また、前述の第1の実施例では、比較表示手段66に対応するSA14において、抽出波形WEnが破線で表示され、代表的抽出波形WRが実線で表示されることにより、両者が比較可能とされていたが、異なる色を用いて表示する等の他の表示方法により比較可能とされてもよい。
また、前述の実施例の心音計には、心音図の測定とともに、参考誘導として心電図が測定できるようするため、電極22、心電信号増幅器24およびA/D変換器26が備えられていたが、心電図は必ずしも測定される必要はない。なお、参考誘導として心電図が測定されない場合は、波形抽出手段42では、心音信号SHの一拍毎に発生する1か所または2か所の所定部位を直接検出し、その所定部位から予め設定された区間またはその2か所の所定部位間の波形を抽出する。

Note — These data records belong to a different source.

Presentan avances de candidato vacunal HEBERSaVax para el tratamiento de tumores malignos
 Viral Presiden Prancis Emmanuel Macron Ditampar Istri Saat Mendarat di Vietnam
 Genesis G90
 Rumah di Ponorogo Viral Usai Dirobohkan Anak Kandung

また、前述の第1の実施例では、解析結果表示手段70(SA16)において、ウェーブレット変換によって得られた関数W(b,1/a)の大きさは、表示器36の時間軸bと周波数軸1/aとの二次元平面上に等高線図として表示されていたが、時間軸bと周波数軸1/aと変換値を表す軸とにより形成される三次元座標に、三次元グラフとして表示されてもよい。

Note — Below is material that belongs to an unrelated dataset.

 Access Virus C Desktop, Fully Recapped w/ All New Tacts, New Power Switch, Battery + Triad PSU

その他、本発明はその主旨を逸脱しない範囲において種々変更が加えられ得るものである。
本発明の一実施例である心音計の構成を示すブロック図である。
図1の実施例の電子制御装置の制御機能の要部を説明する機能ブロック線図である。
心音信号および心電信号が表す心音図および心電図の一例を示す図である。
波形抽出手段により抽出される抽出波形の一例を示す図である。
ウェーブレット関数ψ(t)を説明する図である。
ウェーブレット関数ψ((t−b)/a)がある関数g(t)の一部分に略一致している状態、およびそのときの2つの関数の積を示す図である。
ウェーブレット関数ψ((t−b)/a)がある関数h(t)の一部分を近似していない状態、およびそのときの2つの関数の積を示す図である。

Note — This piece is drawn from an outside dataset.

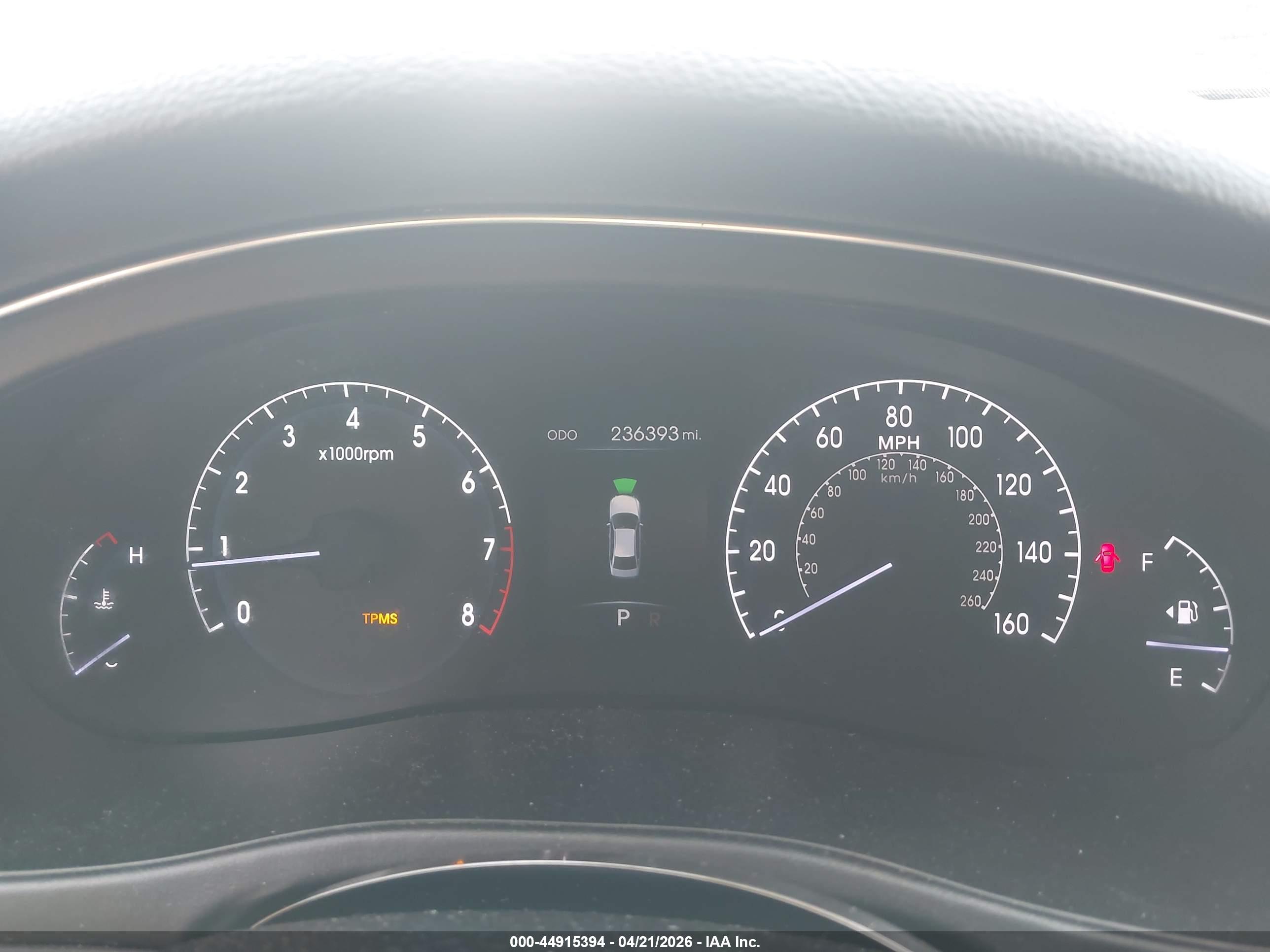 HYUNDAI GENESIS image 7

図1の実施例の電子制御装置の制御作動の要部を説明するフローチャートである。
代表的抽出波形表示手段により表示される代表的抽出波形の一例を示す図である。
比較表示手段により抽出波形と代表的抽出波形とが表示器に表示される一例を示す図である。
図1の実施例の解析結果表示手段において表示器に表示される等高線図である。
本発明の他の実施例の電子制御装置の制御機能の要部を説明する機能ブロック線図である。
図10の実施例の電子制御装置の制御作動の要部を説明するフローチャートである。
外雑音表示手段において表示器に表示される外雑音波形の一例を示す図である。
時間周波数解析手段により心雑音の発生時間帯を特定できることを説明する図である。
解析結果表示手段において表示される周波数解析スペクトルの一例を示す図である。
符号の説明
10:心音計、12:マイクロホン(心音センサ)、42:波形抽出手段、44:振幅比算出手段、46:平均値算出手段、48:標準偏差算出手段、54:基準抽出波形決定手段、58:位相合わせ手段、60:加算手段、61:基準抽出波形更新手段、62:代表的抽出波形決定手段、64:代表的抽出波形表示手段、66:比較表示手段、68:時間周波数解析手段、82:外雑音算出手段、84:外雑音表示手段、86:外雑音解析手段。